• [What needs to be done]:
Your answer is the lines below, exactly, from the one that contains "This is the" through the one that contains "Hi there! This", both included.

((

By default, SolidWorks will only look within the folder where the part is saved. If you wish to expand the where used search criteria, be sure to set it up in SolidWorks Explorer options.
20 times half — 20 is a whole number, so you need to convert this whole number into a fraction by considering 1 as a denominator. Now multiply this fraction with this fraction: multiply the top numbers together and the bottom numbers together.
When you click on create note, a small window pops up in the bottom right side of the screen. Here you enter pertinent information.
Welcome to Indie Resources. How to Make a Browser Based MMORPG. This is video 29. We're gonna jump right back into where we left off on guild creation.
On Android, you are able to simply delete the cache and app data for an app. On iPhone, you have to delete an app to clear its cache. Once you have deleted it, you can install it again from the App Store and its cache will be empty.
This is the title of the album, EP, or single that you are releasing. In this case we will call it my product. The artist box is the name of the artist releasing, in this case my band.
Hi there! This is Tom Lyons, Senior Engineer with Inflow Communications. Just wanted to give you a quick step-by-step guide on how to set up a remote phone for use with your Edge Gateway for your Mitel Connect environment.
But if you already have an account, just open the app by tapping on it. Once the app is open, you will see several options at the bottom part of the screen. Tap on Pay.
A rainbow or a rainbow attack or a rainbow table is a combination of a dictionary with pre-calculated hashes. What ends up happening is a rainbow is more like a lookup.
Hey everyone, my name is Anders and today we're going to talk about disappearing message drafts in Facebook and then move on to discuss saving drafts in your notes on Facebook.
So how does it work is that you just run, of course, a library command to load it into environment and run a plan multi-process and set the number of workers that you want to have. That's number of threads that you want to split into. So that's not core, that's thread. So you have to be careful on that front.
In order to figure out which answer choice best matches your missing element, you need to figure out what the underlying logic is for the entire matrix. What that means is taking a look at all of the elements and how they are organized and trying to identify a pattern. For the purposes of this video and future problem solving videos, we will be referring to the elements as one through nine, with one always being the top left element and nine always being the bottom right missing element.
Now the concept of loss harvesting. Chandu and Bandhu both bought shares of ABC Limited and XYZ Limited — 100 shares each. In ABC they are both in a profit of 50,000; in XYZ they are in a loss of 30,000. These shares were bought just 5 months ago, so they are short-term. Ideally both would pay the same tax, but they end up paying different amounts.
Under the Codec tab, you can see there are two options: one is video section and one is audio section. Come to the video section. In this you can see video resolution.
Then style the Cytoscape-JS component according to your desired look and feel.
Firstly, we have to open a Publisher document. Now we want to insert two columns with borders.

))

• [Answer section]:
This is the title of the album, EP, or single that you are releasing. In this case we will call it my product. The artist box is the name of the artist releasing, in this case my band.
Hi there! This is Tom Lyons, Senior Engineer with Inflow Communications. Just wanted to give you a quick step-by-step guide on how to set up a remote phone for use with your Edge Gateway for your Mitel Connect environment.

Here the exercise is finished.